_WORK INSTRUCTIONS_
Restate word for word all of the lines below, with each image left out.

START DATASET RECORDS

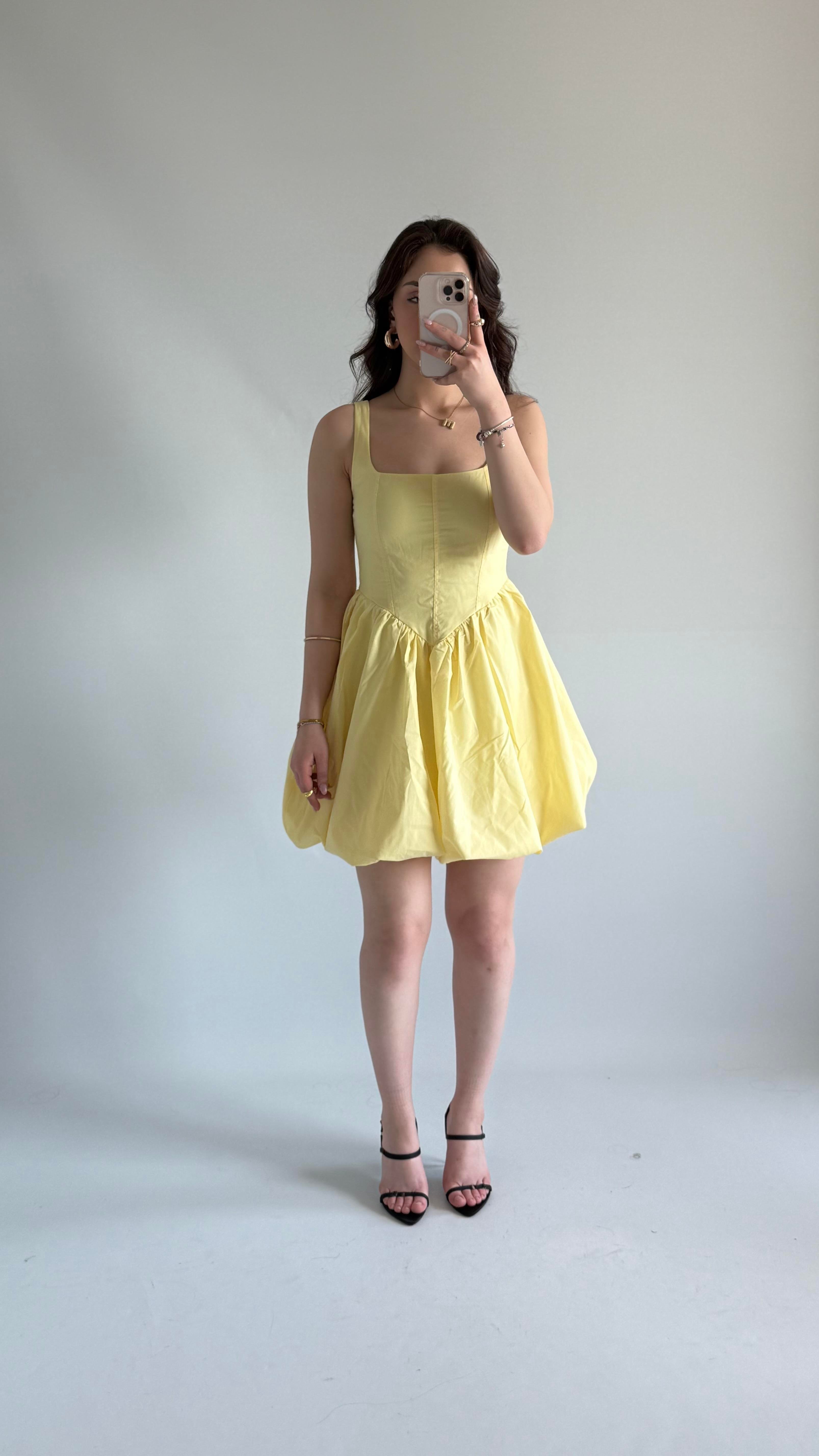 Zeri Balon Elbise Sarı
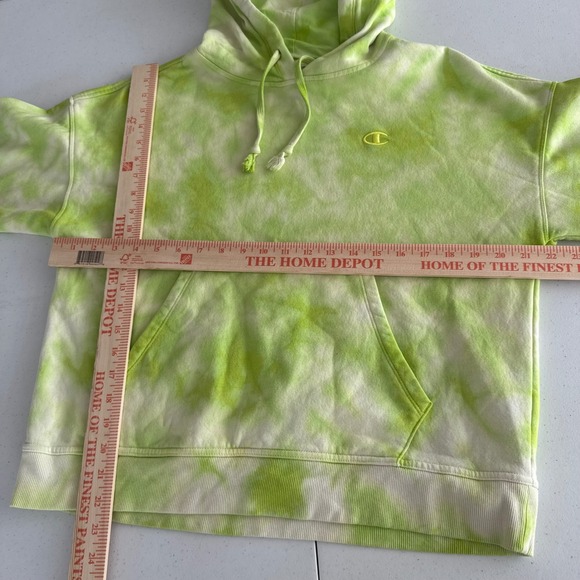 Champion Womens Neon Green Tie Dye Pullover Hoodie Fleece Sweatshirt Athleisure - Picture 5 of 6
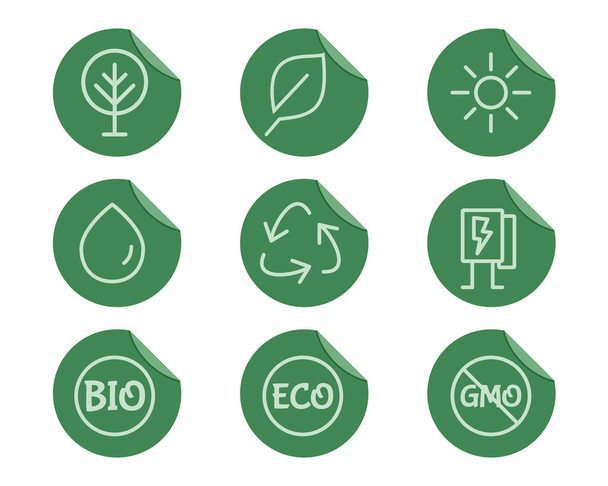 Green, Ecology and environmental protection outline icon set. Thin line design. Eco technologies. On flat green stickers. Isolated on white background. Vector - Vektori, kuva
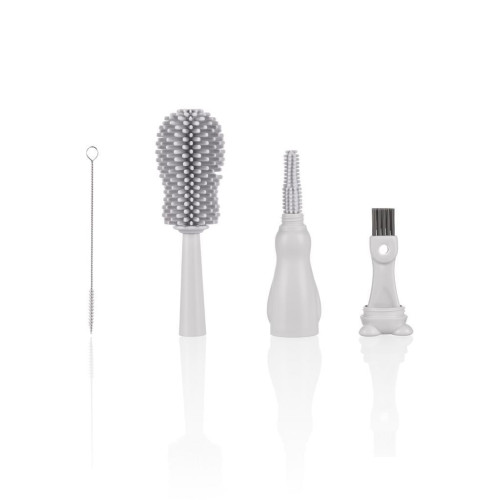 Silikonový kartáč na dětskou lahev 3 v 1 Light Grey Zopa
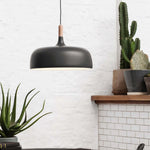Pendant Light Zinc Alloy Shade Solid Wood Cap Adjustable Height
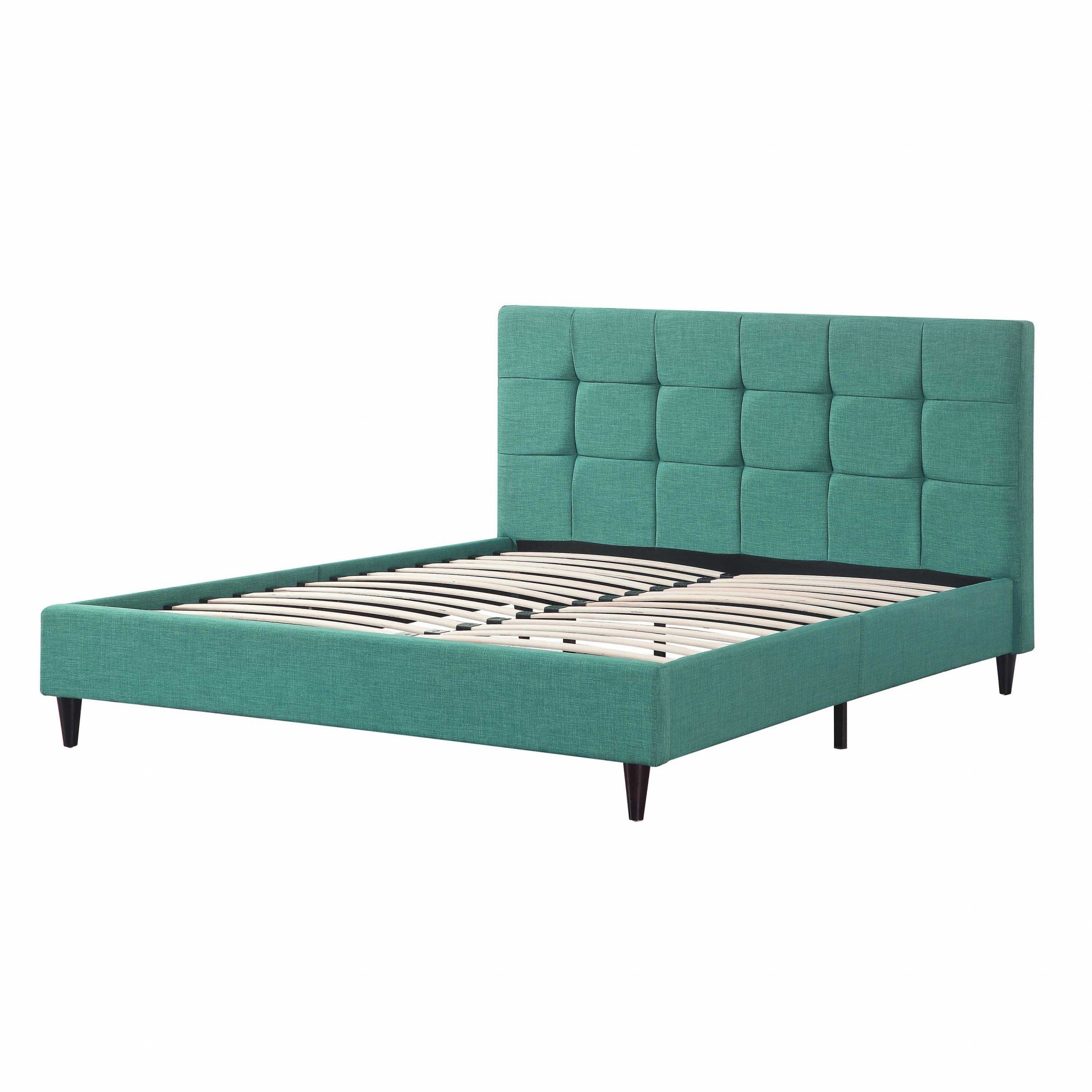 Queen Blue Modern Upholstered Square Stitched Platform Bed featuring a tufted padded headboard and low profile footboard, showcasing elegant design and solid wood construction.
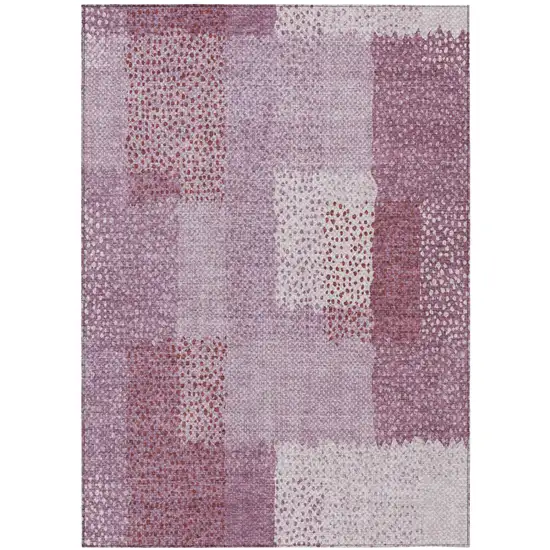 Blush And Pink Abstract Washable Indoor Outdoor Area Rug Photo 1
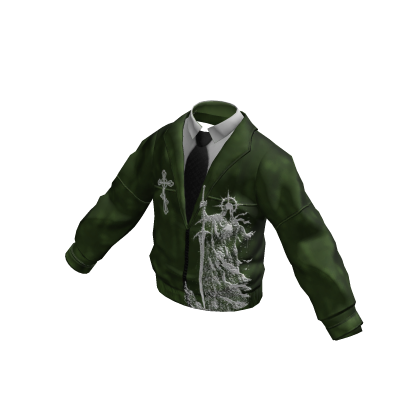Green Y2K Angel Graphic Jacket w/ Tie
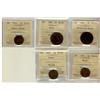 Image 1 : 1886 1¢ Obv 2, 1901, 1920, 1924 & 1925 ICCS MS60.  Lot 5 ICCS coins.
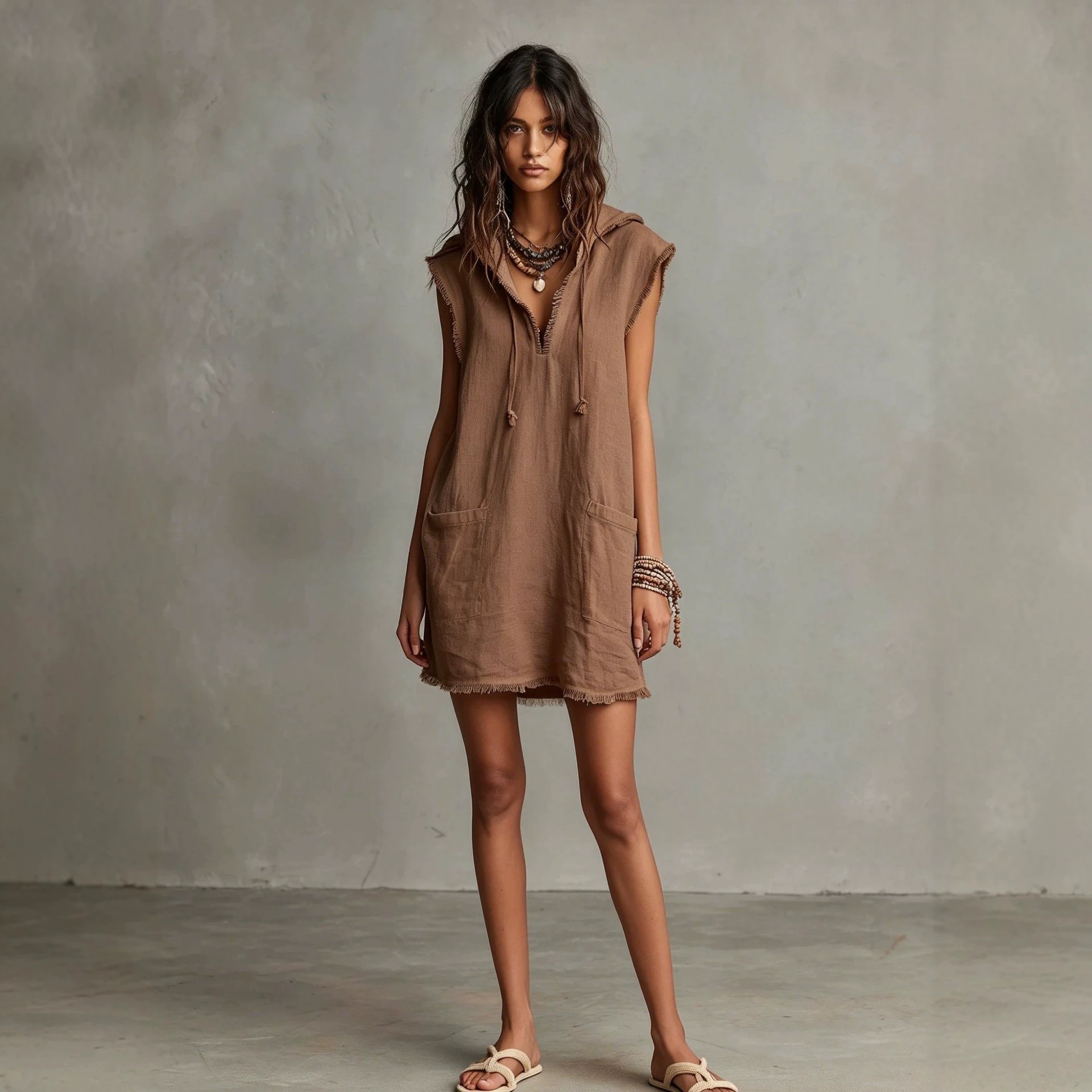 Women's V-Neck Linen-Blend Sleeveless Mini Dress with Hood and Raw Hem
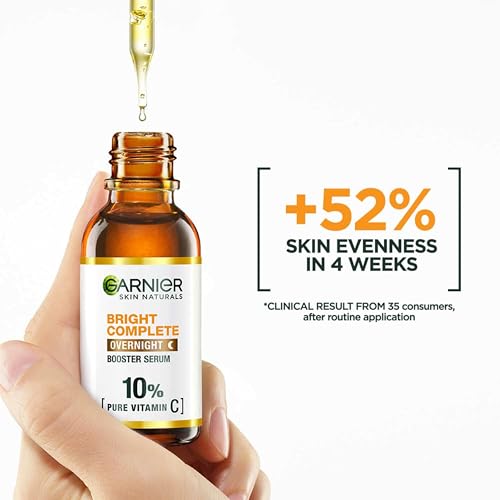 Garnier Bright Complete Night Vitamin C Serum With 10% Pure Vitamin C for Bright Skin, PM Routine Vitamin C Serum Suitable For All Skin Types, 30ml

END DATASET RECORDS

_OUTPUT BELOW_
 Zeri Balon Elbise Sarı
 Champion Womens Neon Green Tie Dye Pullover Hoodie Fleece Sweatshirt Athleisure - Picture 5 of 6
 Green, Ecology and environmental protection outline icon set. Thin line design. Eco technologies. On flat green stickers. Isolated on white background. Vector - Vektori, kuva
 Silikonový kartáč na dětskou lahev 3 v 1 Light Grey Zopa
Pendant Light Zinc Alloy Shade Solid Wood Cap Adjustable Height
 Queen Blue Modern Upholstered Square Stitched Platform Bed featuring a tufted padded headboard and low profile footboard, showcasing elegant design and solid wood construction.
 Blush And Pink Abstract Washable Indoor Outdoor Area Rug Photo 1
Green Y2K Angel Graphic Jacket w/ Tie
 Image 1 : 1886 1¢ Obv 2, 1901, 1920, 1924 & 1925 ICCS MS60.  Lot 5 ICCS coins.
 Women's V-Neck Linen-Blend Sleeveless Mini Dress with Hood and Raw Hem
 Garnier Bright Complete Night Vitamin C Serum With 10% Pure Vitamin C for Bright Skin, PM Routine Vitamin C Serum Suitable For All Skin Types, 30ml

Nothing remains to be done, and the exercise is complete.